» INFORMATION PROVIDED:
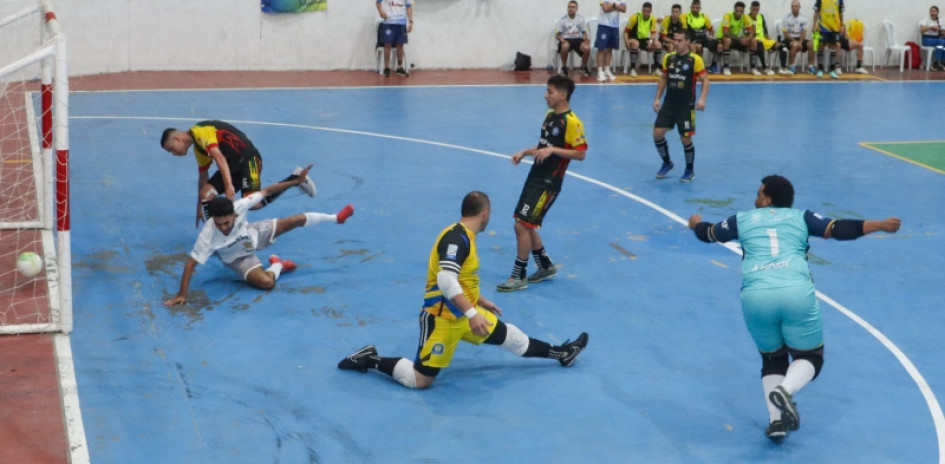 Liga Nacional de Futsal Liga Nacional de Futsal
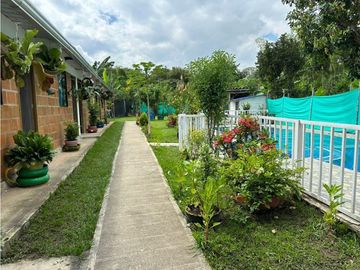 Finca de 1.000m2 en venta Santa Elena El Cerrito Valle Colombia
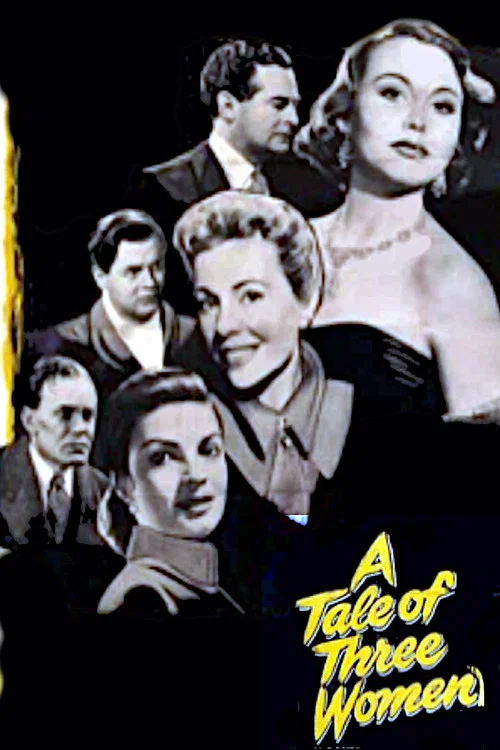 Tale of Three Women постер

» EXERCISE DESCRIPTION:
Reproduce the data exactly as it appears above. Pictures are to be left out.

» EXPECTED ANSWER:
 Liga Nacional de Futsal Liga Nacional de Futsal
 Finca de 1.000m2 en venta Santa Elena El Cerrito Valle Colombia
 Tale of Three Women постер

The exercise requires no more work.